Infleqtion has delivered the United Kingdom’s only operational 100-physical-qubit quantum computing system at the National Quantum Computing Centre (NQCC) with its Sqale platform. This achieved a milestone the NQCC identified as a critical objective for the UK’s quantum strategy.
Achieved in December 2025, the milestone creates foundational infrastructure that will enable researchers and industry to begin working with large-scale quantum systems.
“Infleqtion’s progress is a significant milestone, helping move the UK beyond research toward real-world uses,” said Lord Vallance, Minister of State for Science, Research and Innovation. “These sorts of advances are vital in paving the way for us to be able to use quantum computers to deliver tangible benefits,” the Minister said. “With the talent and research expertise that we have on offer in the UK, this is an encouraging next step which helps cement our position as a world leader in one of the defining technologies of our generation.”
Matthew Kinsella, CEO of Infleqtion, said NQCC’s quantum computing testbed is among the first of its kind, advancing innovation at a global level.
“This latest achievement with Sqale reflects the progress and potential of our neutral-atom architecture and marks an important step toward larger-scale quantum systems,” said Kinsella.
Reaching the 100-physical-qubit level represents an important step beyond laboratory prototypes toward quantum computers that can run more complex algorithms, test error-correction approaches and support practical solutions.
At this scale, quantum systems begin to support experimentation that connects more directly to real-world challenges. Researchers can begin probing applications in areas such as advanced materials, energy systems and complex optimisation.
Sqale is the first neutral-atom platform of this scale deployed in an operational national facility, reinforcing its position at the forefront of quantum hardware development.
The NQCC’s installation of the Sqale platform is part of its broader Quantum Computing Testbed Initiative. With Sqale, researchers will be able to evaluate performance, benchmark applications, and study how neutral‑atom systems scale.
The platform is also designed to accelerate skills development, supply‑chain readiness and application exploration across the UK quantum ecosystem.

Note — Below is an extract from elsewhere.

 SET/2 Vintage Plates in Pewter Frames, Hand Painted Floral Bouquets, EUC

“Having a system of this scale available through the NQCC is a significant step for the UK quantum community,” said Michael Cuthbert, director of the NQCC. “It allows researchers to move beyond small demonstrations and begin learning what it really takes to operate and scale quantum computers in practice.”
Colin Sullivan, managing director of Infleqtion UK, said achieving this milestone has been a key goal for the UK’s quantum efforts.

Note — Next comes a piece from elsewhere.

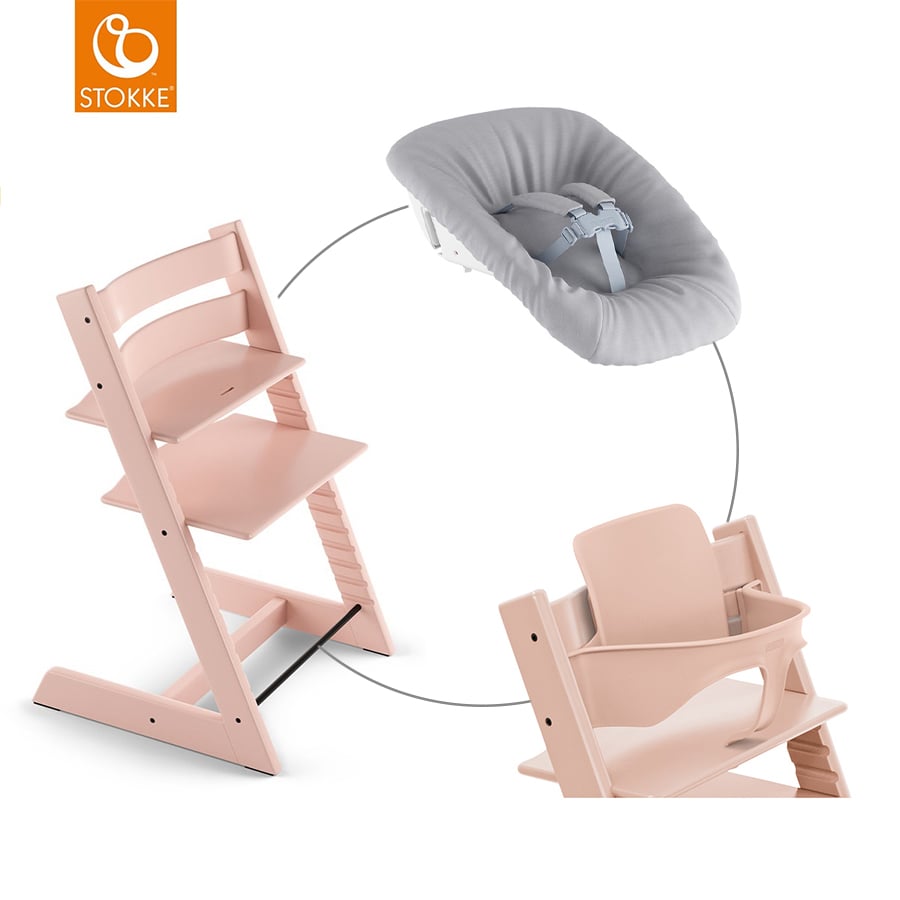 Image of STOKKE® Mega Tripp Trapp® Set Sedia - Faggio Rosa Sereno incl. Newborn Set™ Grigio e Baby Set V2 Rosa Sereno059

Infleqtion is aiming to exceed 30 logical qubits in 2026 and deliver more than 100 logical qubits in 2028, advancing toward fully fault-tolerant architectures. Because it takes anywhere from 10 to more than 1,000 physical qubits to encode a single reliable logical qubit, physical-qubit performance becomes a key limiting factor.
Infleqtion’s 99.73% two-qubit gate fidelity delivers industry-leading performance on the metric that matters most in quantum computing. Higher fidelity means fewer physical qubits per logical qubit, delivering a significant scalability and efficiency advantage.
Neutral-atom architecture offers one of the clearest paths to scalable quantum computing and future commercial advantage due to its scalability, reconfigurability and strong coherence properties.
Infleqtion’s approach benefits from having already delivered neutral-atom systems in operational environments beyond the laboratory. Unlike many quantum computing efforts that remain confined to research settings, Infleqtion has already translated neutral-atom technology into multiple demonstrations and fielded systems.
These include pioneering quantum flight trials demonstrating real-world operation; first materials science application on logical qubits; deployment of a quantum optical atomic clock on an underwater autonomous vehicle; the UK’s largest neutral-atom array and; collaboration on efforts to deploy a quantum gravity sensor in space.
Together, these efforts underscore Infleqtion’s ability to turn neutral-atom research into fielded products, providing a foundation for developing scalable quantum technologies that move beyond the laboratory and into practical use.